→ **RECORDS PROVIDED**:
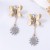 trend high temperament Alloy animal pendant Earring temperament wind woman style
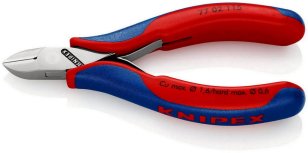 Boční štípací kleště pro elektroniku 115 mm KNIPEX 77 02 115 SB
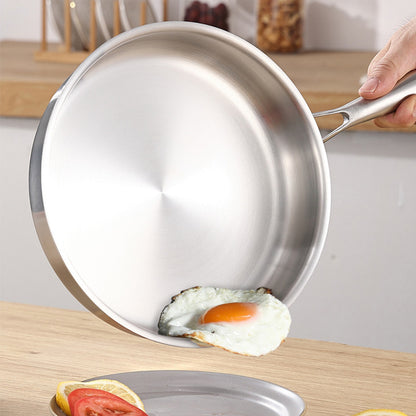 poele en inox oeuf glisse poele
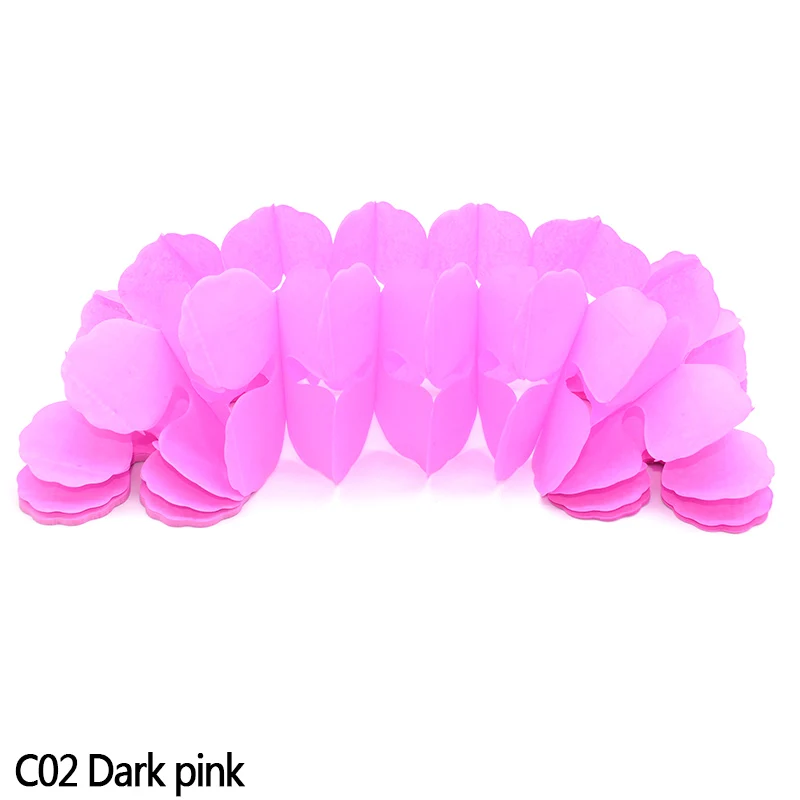 C02 Dark pink 3,6 м многоцветная четырехлистная бумага в виде клевера баннер для DIY Свадебные праздничные вечерние гирлянды товары для дома подвесные флаги украшения 7z - Цвет: C02 Dark pink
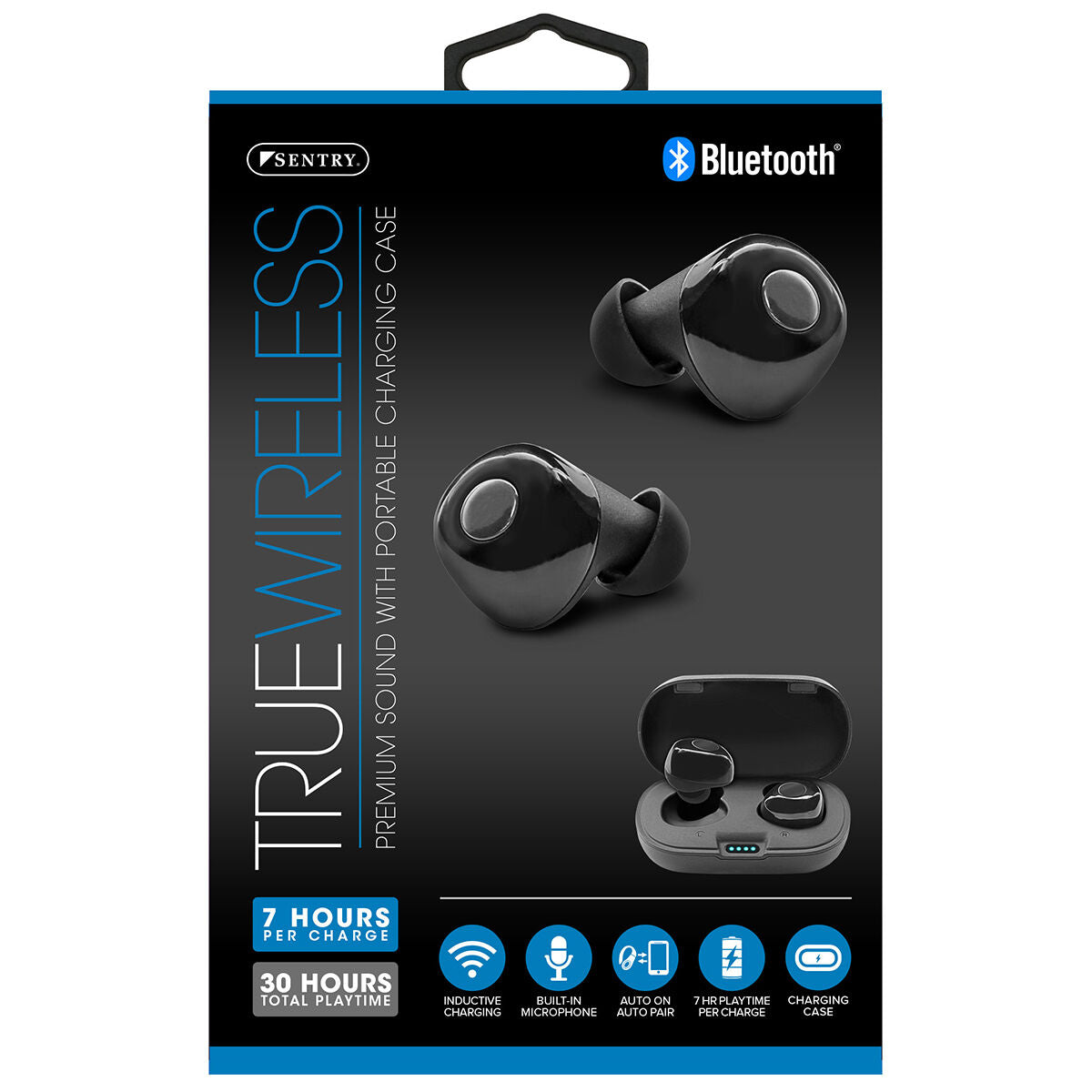 Sentry True Wireless Bluetooth Earbuds with Case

→ **YOUR TASK**:
Every entry must be transcribed exactly. Pictures do not belong in the copy.

→ **RESULT OF THE TASK**:
 trend high temperament Alloy animal pendant Earring temperament wind woman style
 Boční štípací kleště pro elektroniku 115 mm KNIPEX 77 02 115 SB
 poele en inox oeuf glisse poele
 C02 Dark pink 3,6 м многоцветная четырехлистная бумага в виде клевера баннер для DIY Свадебные праздничные вечерние гирлянды товары для дома подвесные флаги украшения 7z - Цвет: C02 Dark pink
 Sentry True Wireless Bluetooth Earbuds with Case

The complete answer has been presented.